■ **EXERCISE BRIEF**
Beginning with the line where "HP 30X, CF230X, Toner original LJ" occurs, transcribe every line exactly through the last line of the listing below, and no others.

■ **RECORDS FOR THE TASK**
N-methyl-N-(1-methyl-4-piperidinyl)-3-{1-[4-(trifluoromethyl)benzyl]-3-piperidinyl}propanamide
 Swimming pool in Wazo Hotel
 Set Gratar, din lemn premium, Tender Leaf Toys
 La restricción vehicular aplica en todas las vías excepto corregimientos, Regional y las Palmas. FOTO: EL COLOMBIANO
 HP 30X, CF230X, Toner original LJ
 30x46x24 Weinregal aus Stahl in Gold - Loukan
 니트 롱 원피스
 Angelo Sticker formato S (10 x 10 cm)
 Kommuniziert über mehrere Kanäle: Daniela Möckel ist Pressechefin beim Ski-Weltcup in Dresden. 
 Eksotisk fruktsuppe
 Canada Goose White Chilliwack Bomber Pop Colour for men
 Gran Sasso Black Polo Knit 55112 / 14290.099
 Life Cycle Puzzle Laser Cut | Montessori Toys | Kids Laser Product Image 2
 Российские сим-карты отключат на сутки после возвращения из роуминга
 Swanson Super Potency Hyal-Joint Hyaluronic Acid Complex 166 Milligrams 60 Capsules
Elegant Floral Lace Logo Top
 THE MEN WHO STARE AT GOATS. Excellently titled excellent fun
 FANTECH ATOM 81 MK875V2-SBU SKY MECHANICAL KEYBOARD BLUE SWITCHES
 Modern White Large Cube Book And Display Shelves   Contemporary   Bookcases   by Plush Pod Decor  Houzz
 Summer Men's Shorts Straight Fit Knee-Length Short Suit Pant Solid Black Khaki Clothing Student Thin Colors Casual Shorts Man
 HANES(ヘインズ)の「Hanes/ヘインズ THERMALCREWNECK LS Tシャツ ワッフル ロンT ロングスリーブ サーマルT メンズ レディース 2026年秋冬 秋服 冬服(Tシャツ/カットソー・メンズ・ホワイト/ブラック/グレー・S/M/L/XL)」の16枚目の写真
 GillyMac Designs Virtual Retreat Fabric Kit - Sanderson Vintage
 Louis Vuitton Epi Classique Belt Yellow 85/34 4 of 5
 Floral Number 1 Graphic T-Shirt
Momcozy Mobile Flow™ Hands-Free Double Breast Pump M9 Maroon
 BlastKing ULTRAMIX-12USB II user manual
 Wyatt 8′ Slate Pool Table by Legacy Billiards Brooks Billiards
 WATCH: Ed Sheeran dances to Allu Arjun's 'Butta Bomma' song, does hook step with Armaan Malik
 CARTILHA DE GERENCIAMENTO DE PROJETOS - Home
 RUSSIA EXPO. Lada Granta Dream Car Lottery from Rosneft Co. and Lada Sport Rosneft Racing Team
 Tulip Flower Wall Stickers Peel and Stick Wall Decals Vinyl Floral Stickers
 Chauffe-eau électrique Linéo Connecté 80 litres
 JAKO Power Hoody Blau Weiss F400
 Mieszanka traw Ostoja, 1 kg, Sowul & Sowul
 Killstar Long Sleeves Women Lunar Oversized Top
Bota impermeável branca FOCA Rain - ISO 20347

■ **RESULT OF THIS EXERCISE**
 HP 30X, CF230X, Toner original LJ
 30x46x24 Weinregal aus Stahl in Gold - Loukan
 니트 롱 원피스
 Angelo Sticker formato S (10 x 10 cm)
 Kommuniziert über mehrere Kanäle: Daniela Möckel ist Pressechefin beim Ski-Weltcup in Dresden. 
 Eksotisk fruktsuppe
 Canada Goose White Chilliwack Bomber Pop Colour for men
 Gran Sasso Black Polo Knit 55112 / 14290.099
 Life Cycle Puzzle Laser Cut | Montessori Toys | Kids Laser Product Image 2
 Российские сим-карты отключат на сутки после возвращения из роуминга
 Swanson Super Potency Hyal-Joint Hyaluronic Acid Complex 166 Milligrams 60 Capsules
Elegant Floral Lace Logo Top
 THE MEN WHO STARE AT GOATS. Excellently titled excellent fun
 FANTECH ATOM 81 MK875V2-SBU SKY MECHANICAL KEYBOARD BLUE SWITCHES
 Modern White Large Cube Book And Display Shelves   Contemporary   Bookcases   by Plush Pod Decor  Houzz
 Summer Men's Shorts Straight Fit Knee-Length Short Suit Pant Solid Black Khaki Clothing Student Thin Colors Casual Shorts Man
 HANES(ヘインズ)の「Hanes/ヘインズ THERMALCREWNECK LS Tシャツ ワッフル ロンT ロングスリーブ サーマルT メンズ レディース 2026年秋冬 秋服 冬服(Tシャツ/カットソー・メンズ・ホワイト/ブラック/グレー・S/M/L/XL)」の16枚目の写真
 GillyMac Designs Virtual Retreat Fabric Kit - Sanderson Vintage
 Louis Vuitton Epi Classique Belt Yellow 85/34 4 of 5
 Floral Number 1 Graphic T-Shirt
Momcozy Mobile Flow™ Hands-Free Double Breast Pump M9 Maroon
 BlastKing ULTRAMIX-12USB II user manual
 Wyatt 8′ Slate Pool Table by Legacy Billiards Brooks Billiards
 WATCH: Ed Sheeran dances to Allu Arjun's 'Butta Bomma' song, does hook step with Armaan Malik
 CARTILHA DE GERENCIAMENTO DE PROJETOS - Home
 RUSSIA EXPO. Lada Granta Dream Car Lottery from Rosneft Co. and Lada Sport Rosneft Racing Team
 Tulip Flower Wall Stickers Peel and Stick Wall Decals Vinyl Floral Stickers
 Chauffe-eau électrique Linéo Connecté 80 litres
 JAKO Power Hoody Blau Weiss F400
 Mieszanka traw Ostoja, 1 kg, Sowul & Sowul
 Killstar Long Sleeves Women Lunar Oversized Top
Bota impermeável branca FOCA Rain - ISO 20347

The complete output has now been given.